Conversa vai, conversa vem, dia desses uma conhecida relatou o desconforto que sentiu ao ser tratada como “a diferente” durante uma viagem ao exterior.
– Todos os olhares se voltavam para mim, me sentia vigiada, monitorada o tempo todo. Foi estranho e constrangedor, resumiu ela, uma mulher de ascendência italiana, nascida e criada “entre iguais”, no interior de SP.
– Comigo é assim quase todo o dia, com o agravante de que não preciso sair do meu país para ser tratada como “a diferente” ou me sentir vigiada, repliquei.

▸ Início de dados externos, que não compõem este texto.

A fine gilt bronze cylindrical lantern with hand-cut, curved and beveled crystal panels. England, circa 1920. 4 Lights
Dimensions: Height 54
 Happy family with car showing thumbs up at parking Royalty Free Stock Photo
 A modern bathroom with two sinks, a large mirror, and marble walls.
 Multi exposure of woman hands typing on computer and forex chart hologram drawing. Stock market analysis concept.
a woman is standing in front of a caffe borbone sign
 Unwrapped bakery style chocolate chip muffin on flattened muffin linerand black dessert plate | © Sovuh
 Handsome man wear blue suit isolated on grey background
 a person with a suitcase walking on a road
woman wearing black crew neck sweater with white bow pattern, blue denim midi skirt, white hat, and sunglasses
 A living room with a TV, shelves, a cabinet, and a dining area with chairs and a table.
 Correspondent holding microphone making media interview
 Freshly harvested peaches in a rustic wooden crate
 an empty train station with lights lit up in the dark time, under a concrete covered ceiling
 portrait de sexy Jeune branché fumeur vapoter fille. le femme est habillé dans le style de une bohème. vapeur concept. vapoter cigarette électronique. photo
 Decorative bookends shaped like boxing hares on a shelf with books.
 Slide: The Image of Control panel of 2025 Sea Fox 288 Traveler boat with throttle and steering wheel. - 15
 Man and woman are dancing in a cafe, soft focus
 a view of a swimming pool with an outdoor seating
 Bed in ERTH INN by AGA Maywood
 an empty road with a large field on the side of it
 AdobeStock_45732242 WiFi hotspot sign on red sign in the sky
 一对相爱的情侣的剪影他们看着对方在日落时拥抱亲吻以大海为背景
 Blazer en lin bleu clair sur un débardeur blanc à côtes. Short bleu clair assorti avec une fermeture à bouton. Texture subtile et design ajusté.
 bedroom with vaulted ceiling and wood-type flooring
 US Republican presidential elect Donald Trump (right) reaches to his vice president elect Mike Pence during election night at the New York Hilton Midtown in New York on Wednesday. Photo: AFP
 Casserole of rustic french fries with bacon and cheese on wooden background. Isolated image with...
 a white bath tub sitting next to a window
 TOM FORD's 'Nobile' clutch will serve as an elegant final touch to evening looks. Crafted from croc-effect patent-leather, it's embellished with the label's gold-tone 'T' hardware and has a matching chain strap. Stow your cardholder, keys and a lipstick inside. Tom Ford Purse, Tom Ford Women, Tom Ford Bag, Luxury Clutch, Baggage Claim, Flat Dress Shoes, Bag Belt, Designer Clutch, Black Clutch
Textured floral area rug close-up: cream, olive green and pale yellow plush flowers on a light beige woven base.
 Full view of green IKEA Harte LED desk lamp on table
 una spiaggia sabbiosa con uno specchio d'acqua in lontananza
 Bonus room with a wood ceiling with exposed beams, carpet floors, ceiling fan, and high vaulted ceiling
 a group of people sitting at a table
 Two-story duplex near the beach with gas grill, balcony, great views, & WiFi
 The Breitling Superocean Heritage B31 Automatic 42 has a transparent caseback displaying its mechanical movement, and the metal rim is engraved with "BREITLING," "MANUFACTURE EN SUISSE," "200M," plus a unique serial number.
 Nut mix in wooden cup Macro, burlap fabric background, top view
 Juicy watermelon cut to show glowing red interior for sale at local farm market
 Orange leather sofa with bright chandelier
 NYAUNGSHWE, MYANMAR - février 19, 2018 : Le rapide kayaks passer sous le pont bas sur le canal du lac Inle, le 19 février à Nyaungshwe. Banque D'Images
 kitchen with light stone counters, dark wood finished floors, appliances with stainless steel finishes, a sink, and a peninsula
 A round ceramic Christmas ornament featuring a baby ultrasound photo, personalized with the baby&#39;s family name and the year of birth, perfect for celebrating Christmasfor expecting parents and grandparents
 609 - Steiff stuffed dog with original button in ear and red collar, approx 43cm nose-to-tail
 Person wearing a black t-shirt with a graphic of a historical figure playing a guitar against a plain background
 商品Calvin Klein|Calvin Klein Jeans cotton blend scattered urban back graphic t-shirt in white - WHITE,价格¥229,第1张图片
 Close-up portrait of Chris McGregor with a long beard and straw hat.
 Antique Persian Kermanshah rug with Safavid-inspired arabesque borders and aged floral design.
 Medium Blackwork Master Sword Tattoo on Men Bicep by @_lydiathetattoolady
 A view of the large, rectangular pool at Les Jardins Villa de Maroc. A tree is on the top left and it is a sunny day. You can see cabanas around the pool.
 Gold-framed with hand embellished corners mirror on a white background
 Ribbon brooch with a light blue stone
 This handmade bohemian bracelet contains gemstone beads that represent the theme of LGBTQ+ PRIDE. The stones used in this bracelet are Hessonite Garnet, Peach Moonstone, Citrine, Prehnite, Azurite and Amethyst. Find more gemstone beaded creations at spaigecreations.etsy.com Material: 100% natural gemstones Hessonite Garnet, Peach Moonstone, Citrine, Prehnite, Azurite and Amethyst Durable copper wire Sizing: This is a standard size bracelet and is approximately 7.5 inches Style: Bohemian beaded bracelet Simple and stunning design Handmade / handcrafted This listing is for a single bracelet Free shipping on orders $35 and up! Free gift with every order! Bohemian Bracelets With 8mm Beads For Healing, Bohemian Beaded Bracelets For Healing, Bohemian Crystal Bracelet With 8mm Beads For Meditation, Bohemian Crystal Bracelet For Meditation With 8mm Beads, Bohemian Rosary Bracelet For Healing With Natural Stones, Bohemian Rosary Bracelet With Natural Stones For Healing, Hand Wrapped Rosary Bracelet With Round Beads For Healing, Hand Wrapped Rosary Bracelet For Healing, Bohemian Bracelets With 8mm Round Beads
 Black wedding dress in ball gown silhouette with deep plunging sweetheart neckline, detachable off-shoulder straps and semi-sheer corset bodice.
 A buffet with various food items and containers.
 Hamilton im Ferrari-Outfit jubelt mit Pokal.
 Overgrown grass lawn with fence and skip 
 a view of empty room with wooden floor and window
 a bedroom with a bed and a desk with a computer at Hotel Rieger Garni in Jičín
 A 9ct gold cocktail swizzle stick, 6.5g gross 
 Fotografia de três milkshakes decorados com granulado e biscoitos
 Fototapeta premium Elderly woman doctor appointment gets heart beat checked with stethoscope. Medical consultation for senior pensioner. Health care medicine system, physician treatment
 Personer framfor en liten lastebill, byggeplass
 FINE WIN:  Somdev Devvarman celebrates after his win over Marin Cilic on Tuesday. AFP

Estava servida a “torta de climão”.
Embora tenhamos avançado em conquistas sociais, é inegável que preconceito e discriminação fazem parte do cotidiano de quem é preto neste país, que, apesar da maioria autodeclarada negra (56%, pelo IBGE), institucionalizou o racismo.
Aos negros brasileiros ainda é negado o pertencimento à própria pátria. Pertencer tem a ver com se sentir acolhido, entendido, aceito, estar incluído, poder frequentar, ser considerado um sujeito de direitos. O que inclui o acesso a bens materiais e culturais, a educação, a saúde, a moradia e a proteção jurídica.
Mas a negritude no Brasil ainda é vista como fator de risco, ameaça, até mesmo demérito. Ou um “defeito de cor”, como instituído no decreto do período colonial que reservava certas profissões aos brancos e impedia que negros assumissem cargos ou funções públicas.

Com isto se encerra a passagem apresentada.